Tsai, comme à son habitude filme son acteur Lee Kang-sheng. Premier personnage : celui d’un homme alité dans son lit. Un tube lui sort du nez. Une infirmière s’en occupe. Le malade a les cheveux courts et est en slip (sans doute la plus grande constante de l’univers de Tsai). Deuxième personnage : un clochard aux cheveux longs affamé qui se fait tabasser par des joueurs de rue. Le clochard s’évanouit dans la rue. Un groupe de travailleurs immigrés le ramasse. Ils le transportent dans un vieux matelas miteux que l’un des travailleurs a récupéré. Le clochard est recueilli par l’homme (Rawang) dans sa misérable chambre sous les tôles. Rawang va s’occuper du clochard. Bref, tout le monde caresse, nettoie, prend soin de Lee Kang-sheng.

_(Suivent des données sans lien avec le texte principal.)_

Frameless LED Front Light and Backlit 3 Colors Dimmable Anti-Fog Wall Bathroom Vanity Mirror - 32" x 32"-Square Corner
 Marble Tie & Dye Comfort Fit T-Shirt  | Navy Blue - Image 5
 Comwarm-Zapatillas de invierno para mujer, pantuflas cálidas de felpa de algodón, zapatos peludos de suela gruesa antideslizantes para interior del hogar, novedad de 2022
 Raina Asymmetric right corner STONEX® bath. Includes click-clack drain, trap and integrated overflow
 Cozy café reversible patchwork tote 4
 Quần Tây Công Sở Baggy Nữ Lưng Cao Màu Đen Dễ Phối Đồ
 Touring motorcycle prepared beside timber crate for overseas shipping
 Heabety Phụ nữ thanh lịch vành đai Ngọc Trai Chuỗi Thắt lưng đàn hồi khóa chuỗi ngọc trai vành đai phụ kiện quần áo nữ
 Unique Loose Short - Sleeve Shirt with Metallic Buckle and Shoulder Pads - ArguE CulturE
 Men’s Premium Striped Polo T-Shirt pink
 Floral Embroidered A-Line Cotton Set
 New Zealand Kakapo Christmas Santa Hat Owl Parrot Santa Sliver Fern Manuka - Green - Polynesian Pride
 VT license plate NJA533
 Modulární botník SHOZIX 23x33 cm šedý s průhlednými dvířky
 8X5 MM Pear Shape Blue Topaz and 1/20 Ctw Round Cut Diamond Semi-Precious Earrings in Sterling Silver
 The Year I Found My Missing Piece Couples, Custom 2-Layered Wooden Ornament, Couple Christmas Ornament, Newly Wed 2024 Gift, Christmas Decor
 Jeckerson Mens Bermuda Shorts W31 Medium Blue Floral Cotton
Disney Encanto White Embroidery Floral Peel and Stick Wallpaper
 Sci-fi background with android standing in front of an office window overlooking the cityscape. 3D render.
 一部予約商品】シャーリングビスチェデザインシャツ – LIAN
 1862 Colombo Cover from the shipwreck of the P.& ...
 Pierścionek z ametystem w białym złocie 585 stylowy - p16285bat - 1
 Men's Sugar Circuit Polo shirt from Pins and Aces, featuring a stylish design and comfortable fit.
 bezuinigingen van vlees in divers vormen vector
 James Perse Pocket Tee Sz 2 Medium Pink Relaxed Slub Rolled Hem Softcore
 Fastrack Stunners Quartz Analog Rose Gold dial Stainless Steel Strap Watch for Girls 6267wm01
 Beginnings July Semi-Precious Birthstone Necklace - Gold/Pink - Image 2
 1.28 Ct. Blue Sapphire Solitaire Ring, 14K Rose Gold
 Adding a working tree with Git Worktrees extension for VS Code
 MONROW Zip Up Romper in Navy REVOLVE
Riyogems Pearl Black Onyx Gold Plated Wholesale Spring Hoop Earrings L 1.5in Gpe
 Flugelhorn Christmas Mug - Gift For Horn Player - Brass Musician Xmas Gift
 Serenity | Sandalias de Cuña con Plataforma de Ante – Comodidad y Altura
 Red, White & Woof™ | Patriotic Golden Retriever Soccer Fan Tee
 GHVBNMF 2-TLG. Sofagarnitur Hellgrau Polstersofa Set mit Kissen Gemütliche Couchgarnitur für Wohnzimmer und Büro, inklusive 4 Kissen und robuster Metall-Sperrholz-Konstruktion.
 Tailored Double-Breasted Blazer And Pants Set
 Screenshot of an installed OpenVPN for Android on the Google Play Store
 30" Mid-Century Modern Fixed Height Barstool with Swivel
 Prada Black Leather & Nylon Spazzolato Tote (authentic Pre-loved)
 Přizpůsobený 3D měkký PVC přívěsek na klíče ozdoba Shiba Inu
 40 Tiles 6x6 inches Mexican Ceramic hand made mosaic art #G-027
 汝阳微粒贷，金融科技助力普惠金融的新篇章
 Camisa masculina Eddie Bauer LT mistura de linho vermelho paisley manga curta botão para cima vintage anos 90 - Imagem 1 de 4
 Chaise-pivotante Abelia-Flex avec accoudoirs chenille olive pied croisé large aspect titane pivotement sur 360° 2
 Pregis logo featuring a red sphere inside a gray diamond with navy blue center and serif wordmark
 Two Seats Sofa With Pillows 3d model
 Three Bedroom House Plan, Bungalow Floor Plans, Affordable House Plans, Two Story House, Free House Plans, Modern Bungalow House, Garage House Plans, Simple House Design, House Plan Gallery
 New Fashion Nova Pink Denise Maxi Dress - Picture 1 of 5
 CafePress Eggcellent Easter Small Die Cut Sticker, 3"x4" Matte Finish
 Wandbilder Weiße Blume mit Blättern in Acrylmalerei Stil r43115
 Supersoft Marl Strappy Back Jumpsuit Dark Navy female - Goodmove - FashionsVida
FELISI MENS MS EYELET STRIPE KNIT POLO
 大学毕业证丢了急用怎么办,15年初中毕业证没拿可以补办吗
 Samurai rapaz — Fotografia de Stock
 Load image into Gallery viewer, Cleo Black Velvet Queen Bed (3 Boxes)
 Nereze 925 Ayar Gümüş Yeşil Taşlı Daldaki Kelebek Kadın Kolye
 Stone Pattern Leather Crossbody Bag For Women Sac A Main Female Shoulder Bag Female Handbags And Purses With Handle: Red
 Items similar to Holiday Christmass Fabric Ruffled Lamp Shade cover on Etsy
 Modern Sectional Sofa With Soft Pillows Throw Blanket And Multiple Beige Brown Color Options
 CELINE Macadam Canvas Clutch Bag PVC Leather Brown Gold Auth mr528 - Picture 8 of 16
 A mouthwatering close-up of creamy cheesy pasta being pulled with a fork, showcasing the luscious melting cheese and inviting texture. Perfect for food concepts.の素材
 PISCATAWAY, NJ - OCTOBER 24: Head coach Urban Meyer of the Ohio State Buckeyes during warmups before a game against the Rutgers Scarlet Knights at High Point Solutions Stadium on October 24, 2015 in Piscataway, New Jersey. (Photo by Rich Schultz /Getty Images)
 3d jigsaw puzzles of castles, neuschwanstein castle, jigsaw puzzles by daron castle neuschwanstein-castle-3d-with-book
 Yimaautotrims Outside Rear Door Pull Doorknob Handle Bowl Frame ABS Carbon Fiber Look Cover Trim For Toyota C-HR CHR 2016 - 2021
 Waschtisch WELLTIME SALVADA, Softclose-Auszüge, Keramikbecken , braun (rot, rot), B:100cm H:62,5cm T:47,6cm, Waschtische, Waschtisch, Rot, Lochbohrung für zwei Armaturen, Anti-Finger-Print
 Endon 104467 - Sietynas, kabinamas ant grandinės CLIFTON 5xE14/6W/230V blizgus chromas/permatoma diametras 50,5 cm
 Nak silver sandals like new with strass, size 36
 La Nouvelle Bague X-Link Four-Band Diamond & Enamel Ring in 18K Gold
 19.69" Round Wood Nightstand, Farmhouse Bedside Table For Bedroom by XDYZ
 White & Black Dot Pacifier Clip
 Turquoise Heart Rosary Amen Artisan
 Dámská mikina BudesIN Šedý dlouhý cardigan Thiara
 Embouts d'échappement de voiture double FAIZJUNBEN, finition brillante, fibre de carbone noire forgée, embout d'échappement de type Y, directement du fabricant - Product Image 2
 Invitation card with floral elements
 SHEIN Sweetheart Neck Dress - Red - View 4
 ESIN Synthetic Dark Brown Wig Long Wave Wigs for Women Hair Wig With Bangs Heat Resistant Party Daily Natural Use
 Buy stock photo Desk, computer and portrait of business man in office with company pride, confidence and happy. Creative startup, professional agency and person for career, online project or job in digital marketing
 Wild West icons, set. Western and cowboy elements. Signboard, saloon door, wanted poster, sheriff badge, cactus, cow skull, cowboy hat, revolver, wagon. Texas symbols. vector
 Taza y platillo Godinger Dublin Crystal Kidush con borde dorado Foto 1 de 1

Tsai Ming-liang, encore plus que dans ses autres films, parle de cul, de sexualité, de désir inassouvi ou non, de l’espoir de coucher avec l’autre. Et Lee Kang-sheng là dedans est comme toujours le corps sur lequel les protagonistes projettent leur désir. Rawang cherche à dormir avec le clochard. Seulement dormir ? Sans doute non. Et puis, il y aussi l’infirmière qui s’avère n’être que la serveuse du restaurant où va le clochard. Elle aussi veut coucher avec lui. Et la patronne du restaurant n’est pas en reste. Avec toujours ce matelas dégueulasse au milieu (un référence politique lit-on partout dans les critiques), matelas que l’on déplace au gré des puces, de la fumée venue de l’Indonésie voisine (on est au Malaysia).
Non, personne ne peut faire l’amour avec Lee Kang-sheng au cinéma. A la limite, on peut le branler (la serveuse le fait sur la malade sur ordre de la patronne, par ailleurs mère du catatonique). On peut le caresser avec ces nombreuses séances de toilettes filmées avec précaution et sensualité. On peut l’embrasser ou le serrer contre soi. Le cul, non. Pour ça, il fallait jouer dans La Saveur de la pastèque. Ici, c’est de la tendresse plutôt.
Tsai Ming-liang change donc d’histoire et continue son style heurté, sombre. Tout ou presque est filmé de nuit ou dans une fumée qui amène au film un côté fantastique. Aucun des trois protagonistes ne parlent. Cela donne un aspect encore plus étrange au film. Du coup, on n’entendra jamais leurs noms. Les seuls dialogues que l’on entend sont ceux dits par les agresseurs des premières scènes, par les clients du restaurant, ou des dialogues qui n’ont que peu de rapport avec l’intrigue. Lee Kang-sheng lui ne dit pas un seul mot. On entend un peu de musique, surtout des airs d’opéra chinois.
Ainsi Tsai Ming-liang continue de faire son cinéma poétique. Une poésie du désespoir où l’on comprend que personne n’a envie de dormir seul.
Jean Dorel
I don’t want to sleep alone (黑眼圈, Taïwan – France – Autriche, 2006) Un film de Tsai Ming-liang avec Lee Kang-sheng, Chen Shi-zeng, Norman Atun.